**Assigned task**
The copy should begin at the line containing "Brasileiro refletindo sobre" and end at the last line of the material. Please reproduce those lines exactly and keep pictures out.

**Provided data**

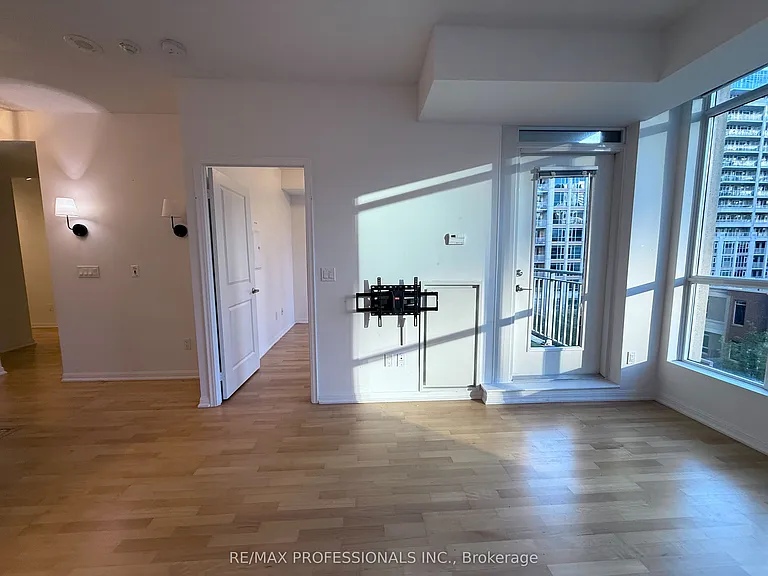 628 Fleet St #522 — Photo 10
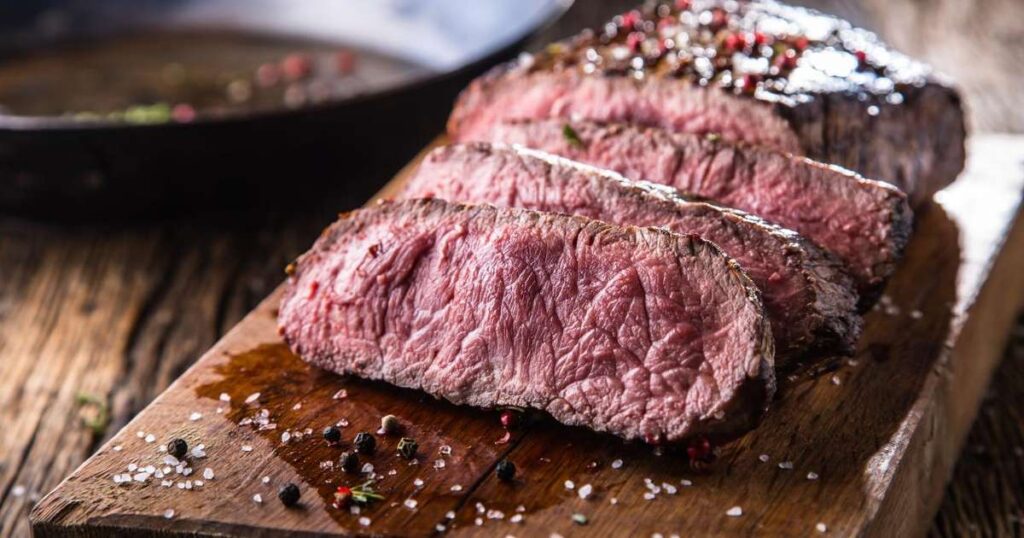 Brasileiro refletindo sobre escolhas alimentares com destaque para proteína e saúde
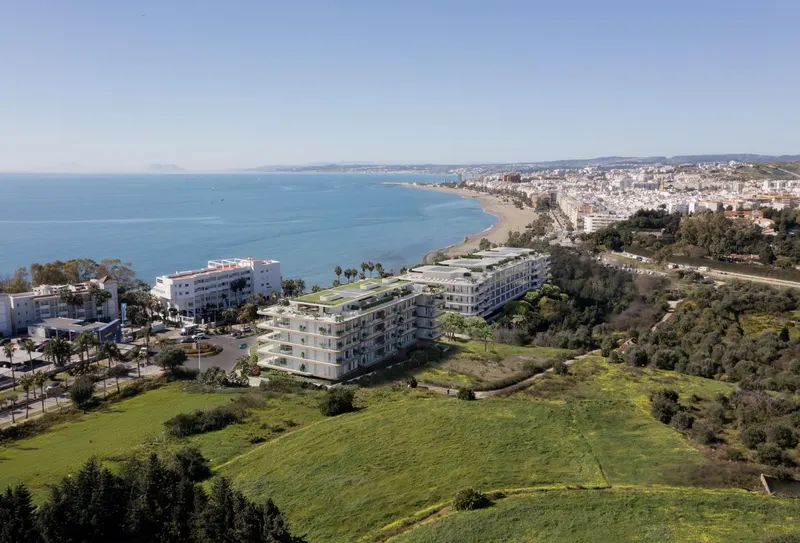Apartamentos de lujo de nueva construcción a 100 metros de la playa en Estepona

**Solution for this problem**
 Brasileiro refletindo sobre escolhas alimentares com destaque para proteína e saúde
Apartamentos de lujo de nueva construcción a 100 metros de la playa en Estepona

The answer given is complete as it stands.